From the first line to the last, write out the records exactly, leaving out images.

- Data provided:
· · ·

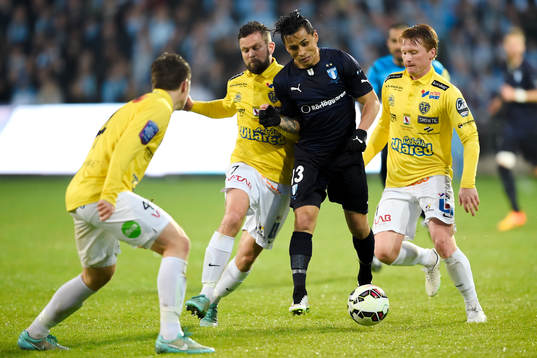 Falkenbergs David Svensson och Dan Keat och Malmö FFs Victor Yoshimar Yotun Flores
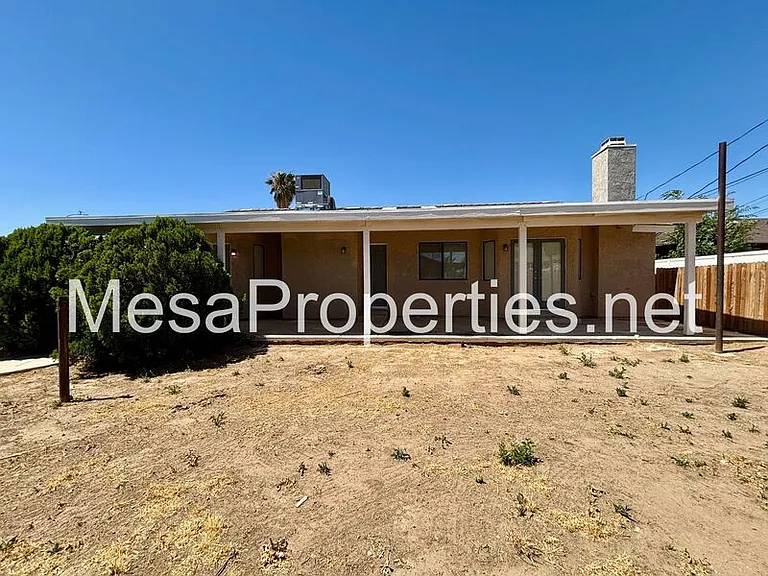 15717 Bear Valley Rd — Photo 20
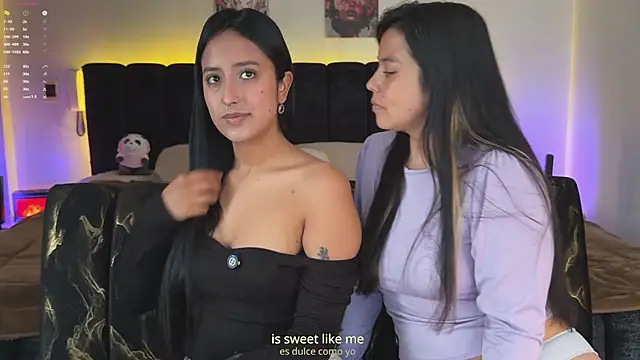 Snapshot of 2SummerLove1 chatting on February 2026 08:29:02 PM 2SummerLove1 online show from February 2026 08:29:02 PM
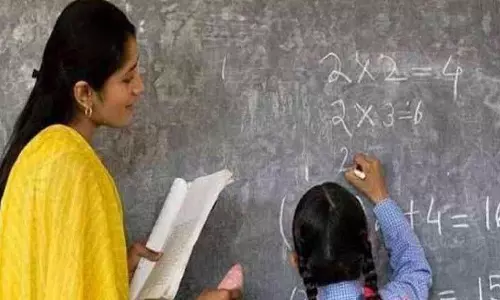 Punjab: शिक्षा मंत्री के आश्वासन के बाद स्कूली शिक्षकों को दिखी उम्मीद की किरण Punjab: शिक्षा मंत्री के आश्वासन के बाद स्कूली शिक्षकों को दिखी उम्मीद की किरण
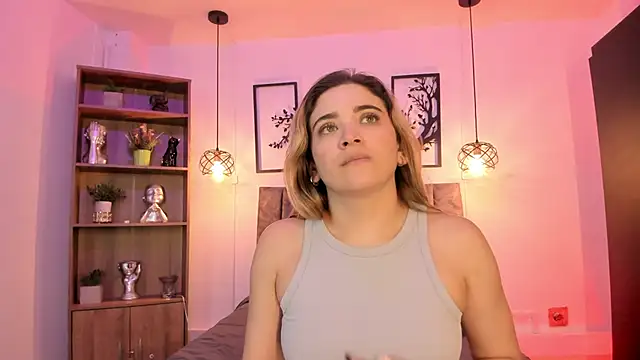 Snapshot of Andy_and_emma chatting on February 5, 2025, 3:52 pm Andy and emma online show from February 5, 2025, 3:52 pm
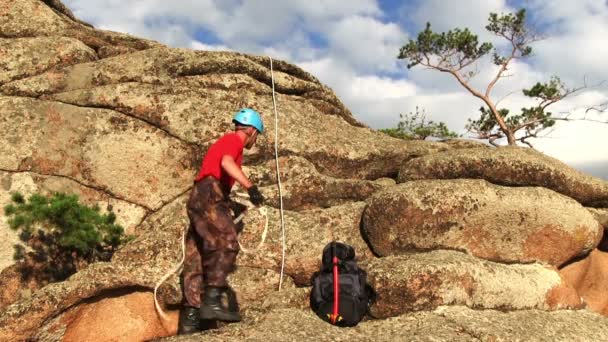 L'arrampicatore impacchetta la corda — Video Stock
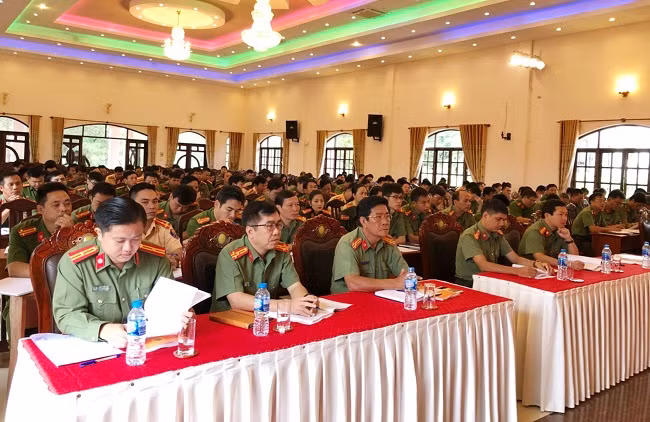 Các đại biểu tham dự hội nghị tập huấn
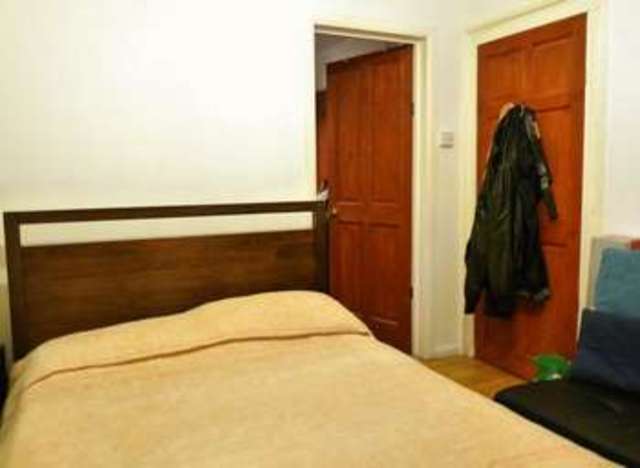  Image of 1 bedroom Flat to rent in High Street Hampton Wick Kingston upon Thames KT1 at High Street Hampton Wick, KT1 4DQ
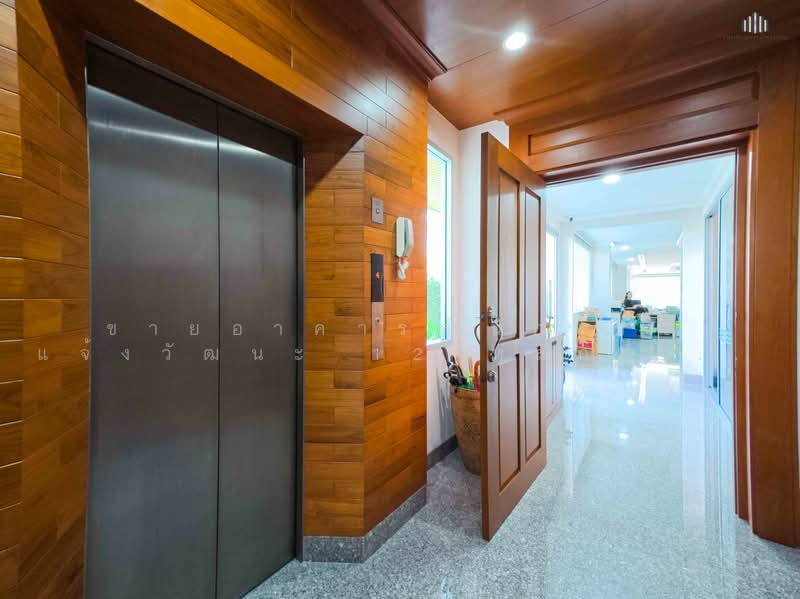 ขายอาคารสำนักงาน แจ้งวัฒนะ 12 หลักสี่ 46 ล้าน 4 ชั้น มีลิฟต์, Bangkok, Thung Song Hong, Lak Si, Bangkok, 1 Bedroom, 1,094 sqm, Townhouse For Sale, by ขายอาคารสำนักงาน แจ้งวัฒนะ 12 หลักสี่ 46 ล้าน 4 ชั้น มีลิฟต์, 500448387 - DDproperty.com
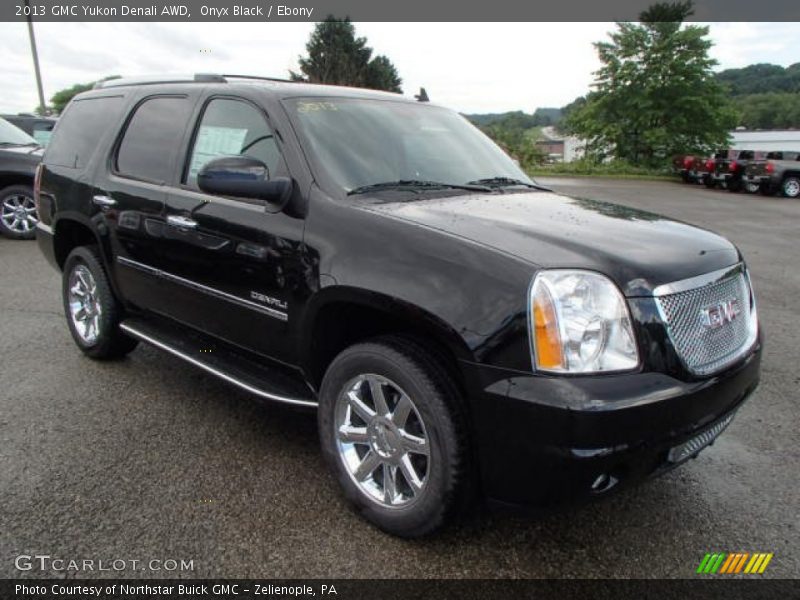 Onyx Black / Ebony 2013 GMC Yukon Denali AWD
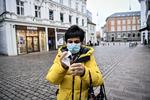 Tidligere har Verdenssundhedsorganisationen, WHO, ikke anbefalet at bruge mundbind. Men det gør den nu. I Danmark har Sundhedsstyrelsen indtil nu ikke anbefalet raske mennesker den form for beskyttelse. Foto: Ernst van Norde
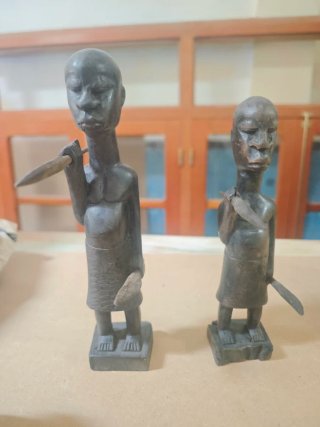 Figuras de madera y maceta de terracota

· · ·

- Solution for this exercise:
 Falkenbergs David Svensson och Dan Keat och Malmö FFs Victor Yoshimar Yotun Flores
 15717 Bear Valley Rd — Photo 20
 Snapshot of 2SummerLove1 chatting on February 2026 08:29:02 PM 2SummerLove1 online show from February 2026 08:29:02 PM
 Punjab: शिक्षा मंत्री के आश्वासन के बाद स्कूली शिक्षकों को दिखी उम्मीद की किरण Punjab: शिक्षा मंत्री के आश्वासन के बाद स्कूली शिक्षकों को दिखी उम्मीद की किरण
 Snapshot of Andy_and_emma chatting on February 5, 2025, 3:52 pm Andy and emma online show from February 5, 2025, 3:52 pm
 L'arrampicatore impacchetta la corda — Video Stock
 Các đại biểu tham dự hội nghị tập huấn
  Image of 1 bedroom Flat to rent in High Street Hampton Wick Kingston upon Thames KT1 at High Street Hampton Wick, KT1 4DQ
 ขายอาคารสำนักงาน แจ้งวัฒนะ 12 หลักสี่ 46 ล้าน 4 ชั้น มีลิฟต์, Bangkok, Thung Song Hong, Lak Si, Bangkok, 1 Bedroom, 1,094 sqm, Townhouse For Sale, by ขายอาคารสำนักงาน แจ้งวัฒนะ 12 หลักสี่ 46 ล้าน 4 ชั้น มีลิฟต์, 500448387 - DDproperty.com
 Onyx Black / Ebony 2013 GMC Yukon Denali AWD
 Tidligere har Verdenssundhedsorganisationen, WHO, ikke anbefalet at bruge mundbind. Men det gør den nu. I Danmark har Sundhedsstyrelsen indtil nu ikke anbefalet raske mennesker den form for beskyttelse. Foto: Ernst van Norde
 Figuras de madera y maceta de terracota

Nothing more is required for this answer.